For the past six years, through low water and high, Geotechnology Inc. has been providing engineering support for the South Harbor project at America’s Central Port in Granite City.
With the help of two TIGER (Transportation Investment Generating Economic Recovery) grants, the port has been working to bolster the levee and bring in rail lines to service the South Harbor location. The project is important, according to the port’s executive director, Dennis Wilmsmeyer, because it opens the region up for both domestic and international freight shipping 12 months a year – regardless of river level. Currently the docks above Lock 27 are subject to closure due to both high and low water levels.
Luke Heuerman, manager of Geotechnology’s Illinois office, says there were underseepage problems to solve with the levee system at the South Harbor site. A combination of a cut-off wall and relief wells was designed to alleviate that issue. This cut-off wall is an excavated trench about 10 feet deep and backfilled with compacted clay.
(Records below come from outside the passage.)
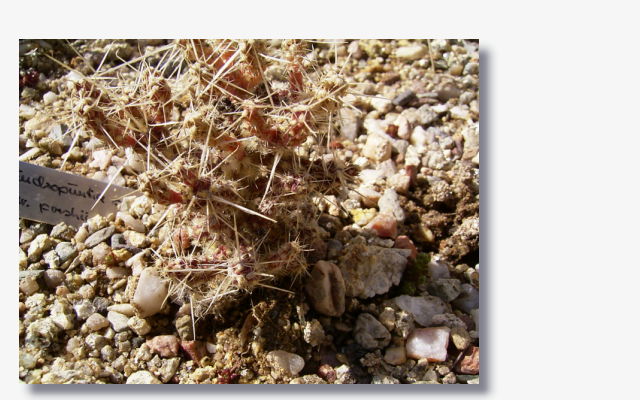 Opuntia stanlyi var.parishii.JPG (68398 Byte)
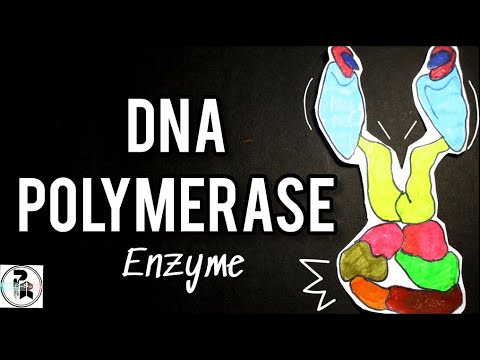 DNA ಪಾಲಿಮರೇಸ್ ಕಿಣ್ವ|DNA Pol 1 & 3 ಡಿಎನ್‌ಎ ಪ್ರತಿಕೃತಿಯಲ್ಲಿ ಕಾರ್ಯನಿರ್ವಹಿಸುತ್ತದೆ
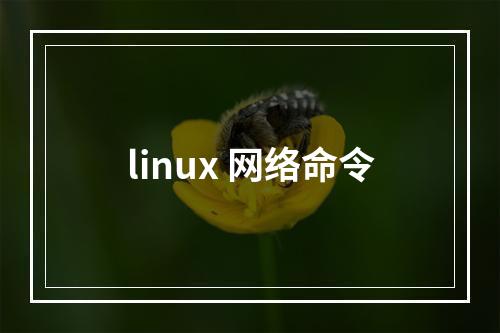 linux 网络命令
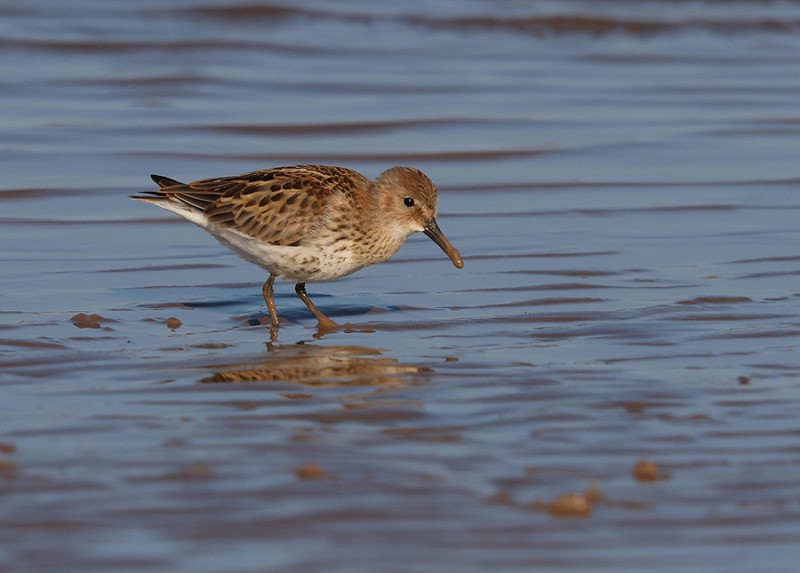 Dunlin - Tate Lloyd.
The trench extends through a surface sand layer down to an imperious clay layer, he explains. The purpose of the cut-off wall is to reduce the volume and seepage pressure of floodwater from the river working its way under the levee. Relief wells are well systems that penetrate through the sand below the clay layer to bedrock and are used to relieve the groundwater seepage pressure generated by river floodwater levels to prevent sand boils. Those two projects have been completed, Heuerman says.
Currently, Geotechnology is performing construction observation and quality control testing for the construction of the new slip harbor. A contractor has been hired to excavate the harbor and Geotechnology is observing the material coming out and performing soil tests both in the field and in its laboratory. The excavation contractor, a local road builder, will be using the materials for road beds.
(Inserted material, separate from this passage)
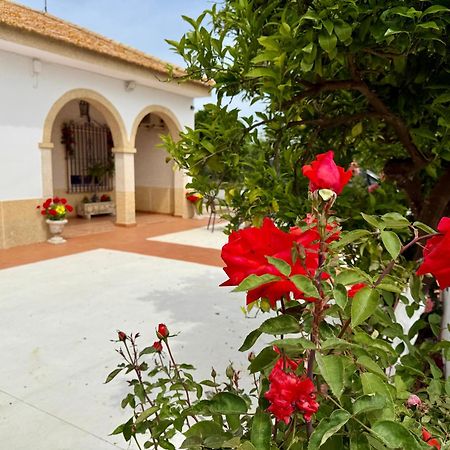 فيلا La Casa Del Flamenco Cañada del Rabadán المظهر الخارجي الصورة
They’re placing it in roadway areas, future building sites and parking pads and they need to make sure that it’s compacted properly to reduce settlement and provide a proper base for the road, Heuerman says. The sandy, silt material that comes out of the river can be used underneath roads and even buildings if done properly, he adds, noting that it’s not as easy to work with as normal soil because it is more susceptible to moisture content.
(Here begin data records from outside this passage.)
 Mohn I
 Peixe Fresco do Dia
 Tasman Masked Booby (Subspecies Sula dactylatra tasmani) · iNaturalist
Harbor excavation will continue through the summer, according to Heuerman. The next step will be building the moorings for the barges and constructing a sheet pile wall along the northern bank of the harbor.
When the harbor is completed in the first quarter of 2014, it will bring together four interstate highways with rail and water transportation systems to link the agricultural and industrial producers of the heartland to the major cities of the world.
The Tri-Cities Area Port District board of directors and staff are focused on completing the project prior to the reopening of the expanded Panama Canal. That $5.2 billion project is expected to be completed in early 2015.